Необходим мыслящий центр, орган воли, свободы и инициативы, центр, действующий, когда человечество бодрствует, и мечтающий, когда человечество спит.
Вселенная без города - это словно тело без головы. Нельзя представить себе безглавую цивилизацию.
Необходим город, гражданами которого были бы все.
Человечеству нужен всеобщий ориентир.
Будем же придерживаться только того, что совершенно ясно, и не станем углубляться во мрак веков на поиски таинственных городов - Гура в Азии и Паленке в Америке: три города, четко вырисовывающиеся в свете истории, являются такими органами человеческой мысли - Иерусалим, Афины, Рим. Три города, где бьется пульс истории.
Идеал - это три луча: Истинное, Прекрасное, Великое. От каждого из этих трех городов исходит один из этих лучей. Вместе они и есть свет.
Иерусалим излучает Истинное. Там великим страдальцем были произнесены великие слова: Свобода, Равенство, Братство. Афины излучают Прекрасное, Рим Великое.
Эти три города - ступени человеческого восхождения. Они сделали свое дело В наши дни от Иерусалима осталось только место казни - Голгофа; от Афин разваляны, Парфенон; от Рима - призрак, Римская империя.

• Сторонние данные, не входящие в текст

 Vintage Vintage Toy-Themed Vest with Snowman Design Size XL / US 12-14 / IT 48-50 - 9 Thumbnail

Умерли ли эти города? Нет. Разбитое яйцо означает не смерть яйца, а жизнь птицы. Над своей разбитой скорлупой - Римом, Афинами, Иерусалимом - парит освобожденная Идея. Над Римом - Могущество, над Афинами - Искусство, над Иерусалимом - Свобода. Великое, Прекрасное, Истинное!

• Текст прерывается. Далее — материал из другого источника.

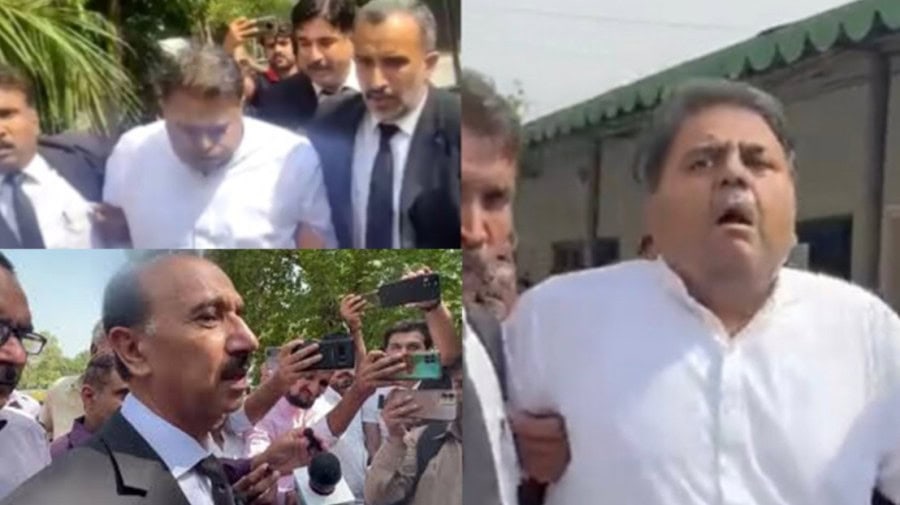 Tensions Within Pti Soaring As Fawad Chaudhry Slaps Shoaib Shaheen Outside Adiala Jail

К тому же эти города не умерли: они живут в жизни Парижа. Париж - есть их сумма. Он их поглотил в себе. Одной из своих сторон он воскрешает Рим, другой - Афины, третьей - Иерусалим. Из крика того, кто был распят на Голгофе, он извлек Декларацию прав человека.
Этот логарифм трех цивилизаций, выраженных единой формулой, это проникновение Афин в Рим и Иерусалима в Афины, эта возвышенная тератология прогресса, стремящегося к идеалу, порождает чудовище и создает шедевр: Париж.
Было свое распятие и в этом городе. Здесь восемнадцать веков, перед лицом великого распятого, перед лицом Бога, являющегося для нас Человеком, истекал кровью - и мы только что сосчитали капли этой крови - другой великий распятый: Народ.
Париж, очаг революционных откровений, это - Иерусалим человечества.